About this exercise:
Take the entries below and print only the lines from the one with "Canvas Print Beautiful" through the one with "feather duster worm", exactly as they stand, both ends included.

Exercise data:
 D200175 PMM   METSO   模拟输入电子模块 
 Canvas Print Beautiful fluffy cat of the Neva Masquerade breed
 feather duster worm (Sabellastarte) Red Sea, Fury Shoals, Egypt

* * *

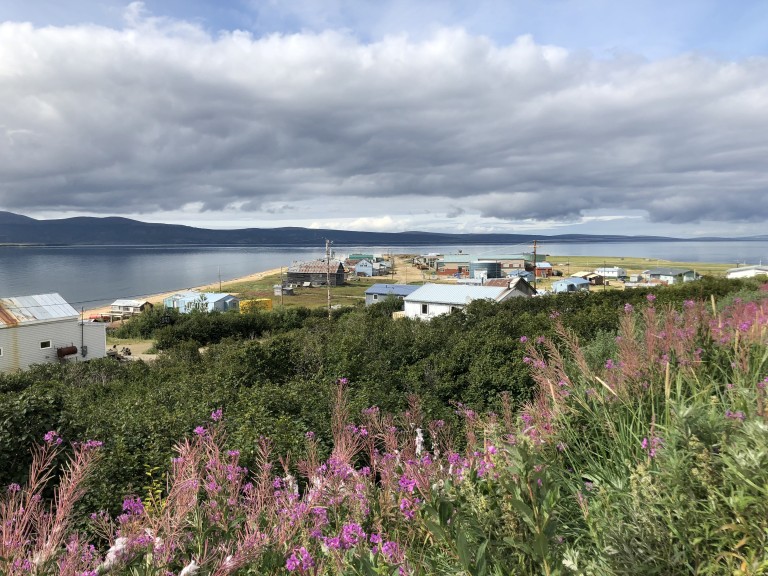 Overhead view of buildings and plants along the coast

Reply to the exercise:
 Canvas Print Beautiful fluffy cat of the Neva Masquerade breed
 feather duster worm (Sabellastarte) Red Sea, Fury Shoals, Egypt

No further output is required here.